Score another one for democracy…

The Huffington Post

On Monday, the U.S. Supreme Court  declined to review a decision by the 7th U.S. Circuit Court of Appeals blocking the enforcement of an Illinois eavesdropping law. The broadly written law — the most stringent in the country — makes it a felony to make an audio recording of someone without their permission, punishable by four to 15 years in prison.

Many states have similar “all-party consent” law, which mean one must get the permission of all parties to a conversation before recording it. But in all of those states — except for Massachusetts and Illinois — the laws include a provision that the parties being recorded must have a reasonable expectation of privacy for it to be a crime to record them.

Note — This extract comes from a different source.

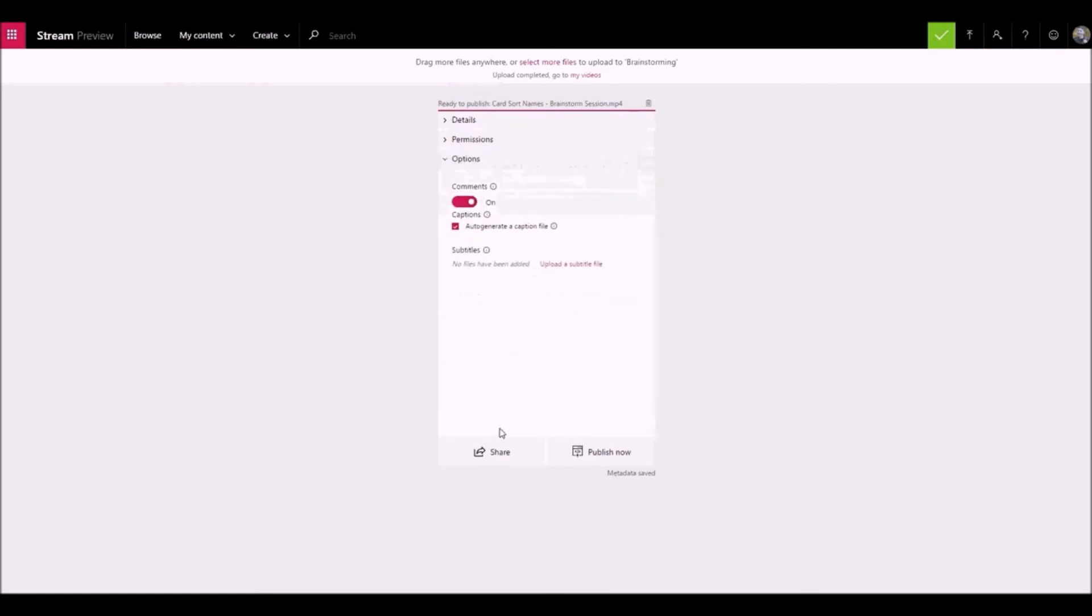In the options section, you can control if comments are on or off for the video. You can also manage caption and subtitle files.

The Illinois law once included such a provision, but it was removed by the state legislature in response to an Illinois Supreme Court ruling that threw out the conviction of a man accused of recording police from the back of a squad car. That ruling found that police on the job have no reasonable expectation of privacy.

The Illinois and Massachusetts laws have been used to arrest people who attempt to record on-duty police officers and other public officials. In one of the more notorious cases, Chicago resident Tiawanda Moore was arrested in 2010 when she attempted to use her cell phone to record officers in a Chicago police station.

Moore had come to the station to report an alleged sexual assault by a Chicago cop, and says she became frustrated when internal affairs officers allegedly bullied her and attempted to talk her out of filing the report. Moore was eventually acquitted.

The lawsuit was filed by the American Civil Liberties Union, which is planning a police accountability project in Chicago that will involve recording police while they’re on duty. The organization wanted to be sure its employees and volunteers wouldn’t be charged with felonies.

The 7th Circuit Court found a specific First Amendment right to record police officers. It’s the second federal appeals court to strike down a conviction for recording police. In August 2011, the U.S. Court of Appeals for the First Circuit ruled that a man wrongly arrested for recording cops could sue the arresting officers for violating his First Amendment rights.